PROBLEM DESCRIPTION:
Using the data below, set down every line from the one containing "High-waisted Wide Leg Jeans - Black Denim" through the one containing "Zaino Roll-Top in", inclusive and unchanged. Pictures are to be skipped.

DATA IN THIS EXERCISE:
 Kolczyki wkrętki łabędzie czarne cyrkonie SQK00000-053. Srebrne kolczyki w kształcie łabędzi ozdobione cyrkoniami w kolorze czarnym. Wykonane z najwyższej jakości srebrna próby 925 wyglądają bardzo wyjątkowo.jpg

--

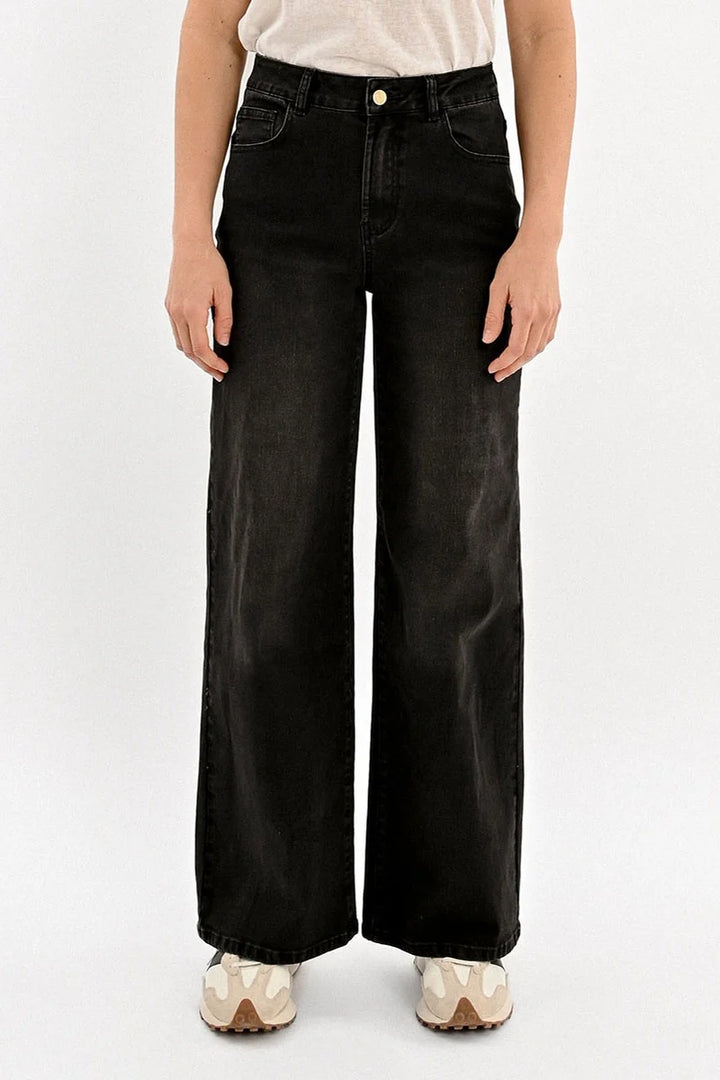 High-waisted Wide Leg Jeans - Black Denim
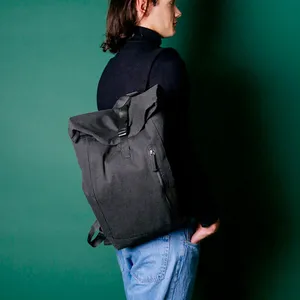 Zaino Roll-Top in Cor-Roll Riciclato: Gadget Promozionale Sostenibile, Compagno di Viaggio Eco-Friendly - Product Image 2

...

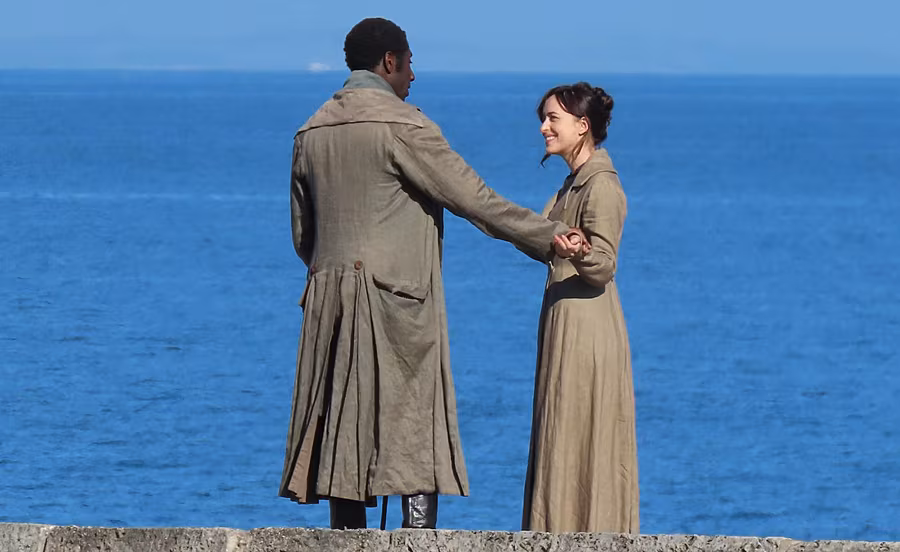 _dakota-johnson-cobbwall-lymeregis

SOLUTION BELOW:
 High-waisted Wide Leg Jeans - Black Denim
 Zaino Roll-Top in Cor-Roll Riciclato: Gadget Promozionale Sostenibile, Compagno di Viaggio Eco-Friendly - Product Image 2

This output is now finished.